== AIM OF THE TASK ==
Of the entries below, return only those lines from the line with "The Elm House Hotel" to the line with "CRANKBROTHERS Slider TIRE Lever KIT, Schwarz", exactly, both included.

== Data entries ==

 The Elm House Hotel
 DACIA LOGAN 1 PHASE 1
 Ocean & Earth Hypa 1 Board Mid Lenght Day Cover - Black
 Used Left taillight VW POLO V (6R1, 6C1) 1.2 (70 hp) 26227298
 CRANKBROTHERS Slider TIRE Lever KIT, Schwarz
--
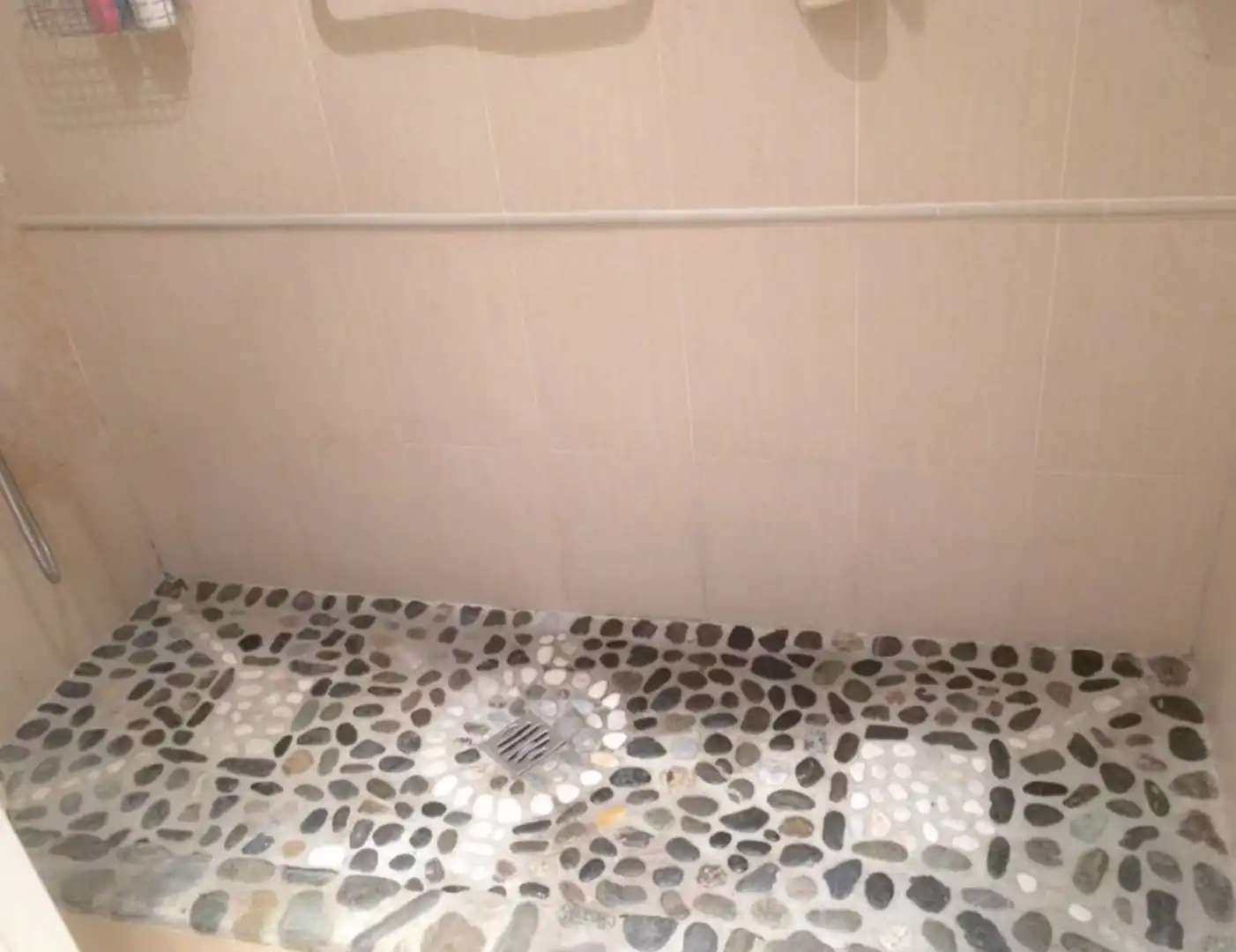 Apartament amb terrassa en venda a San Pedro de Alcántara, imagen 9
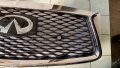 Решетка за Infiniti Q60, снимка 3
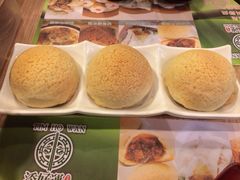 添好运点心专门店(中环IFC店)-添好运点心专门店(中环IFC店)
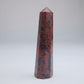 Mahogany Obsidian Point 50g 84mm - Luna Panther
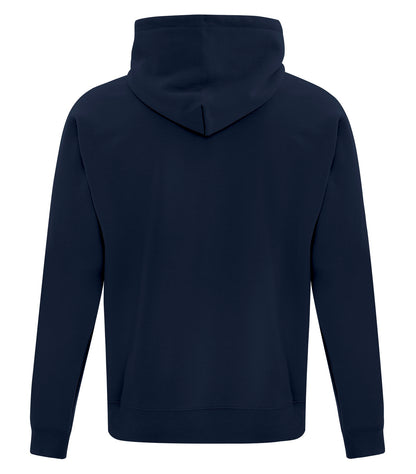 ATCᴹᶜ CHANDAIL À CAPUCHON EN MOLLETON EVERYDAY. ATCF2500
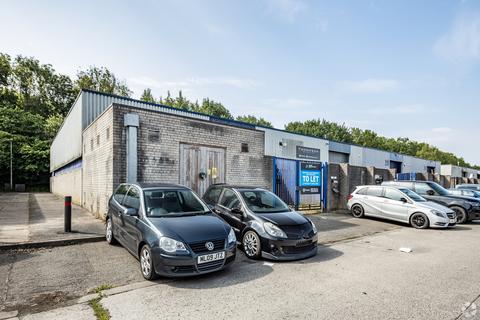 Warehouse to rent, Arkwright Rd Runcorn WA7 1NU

== OUTPUT OF THE EXERCISE ==
 The Elm House Hotel
 DACIA LOGAN 1 PHASE 1
 Ocean & Earth Hypa 1 Board Mid Lenght Day Cover - Black
 Used Left taillight VW POLO V (6R1, 6C1) 1.2 (70 hp) 26227298
 CRANKBROTHERS Slider TIRE Lever KIT, Schwarz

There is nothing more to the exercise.